Tether's USDT Freeze Delay Leads to $78.1M Loss

Generated by AI AgentCoin World
Thursday, May 15, 2025 10:17 am ET2min read
ETH
--
USDT
--

Blockchain forensics firm AMLBot has identified a significant delay between the request to freeze an address and its on-chain execution for Tether's USDT stablecoin. This delay has allowed malicious actors to exploit a "laundering loophole," resulting in the loss of over $78 million in USDT on Ethereum and

Tron
since 2017. Tether blacklists addresses connected to illegal activities, freezing the wallets from moving assets issued by the company. However, the delay in freezing these addresses has created a window of opportunity for illicit actors to move funds before their address is frozen.

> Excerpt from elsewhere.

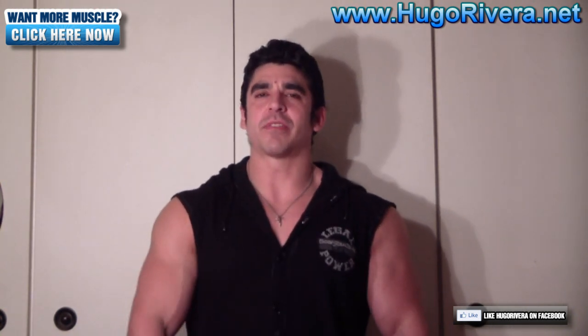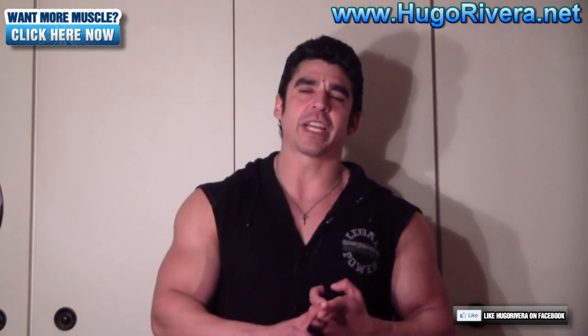Hi folks, Hugo Rivera here with HugoRivera.net and today I want to cover a training myth which is basically high reps for getting cut and low reps for gaining muscle. Huge training myth — this comes from back in the days of early bodybuilding.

The "laundering loophole" is a result of Tether's multi-signature contract setup. A freeze request is sent on-chain, requiring multiple signatures to approve before the freeze can be executed. This process creates a delay, allowing bad actors to move funds before their address is frozen. For instance, a 44-minute delay between the freeze request and confirmation on Tron enabled bad actors to withdraw $49.6 million since 2017. On Ethereum, $28.5 million USDT was withdrawn within the same timeframe, totaling $78.1 million across the two chains.

Security firm PeckShield reviewed the report and confirmed the existence of the loophole. According to PeckShield, the issue is not with the contract itself but an operational problem that creates a time window between when the blacklist transaction is submitted and when it is executed. Given the security-sensitive nature of the issue, improvements are necessary. Tether is the issuer of the largest stablecoin in crypto, USDT, which aims to peg its price to the U.S. dollar. The company blacklists addresses from trading their products if they’re connected to illegal activity, such as wallets linked to the $1.4 billion Bybit hack earlier this year. Being blacklisted means the address can no longer move Tether issued assets, effectively making the tokens worthless.

AMLBot believes malicious actors are aware of the delay and are creating tools to exploit it. Tools can be programmed to monitor the blockchain for specific contract interactions, such as submitTransaction() calls linked to freeze requests. The bots can alert wallet owners the moment a freeze is initiated but before it's enforced. Given the delay introduced by Tether’s multi-signature process, this provides a narrow but critical window for illicit actors to quickly move funds. While AMLBot hasn't directly observed the bots themselves, the on-chain behavior strongly suggests such automation is in play.

PeckShield warned that the lag is inherent to how multi-sig accounts are designed to function. It takes time to have multiple people sign a transaction, despite it being required in some cases to boost security. The firm suggested that Tether could bundle together the freeze request with the signatures into one transaction to eliminate the window. Tether did not respond to a request for comment in time for publication.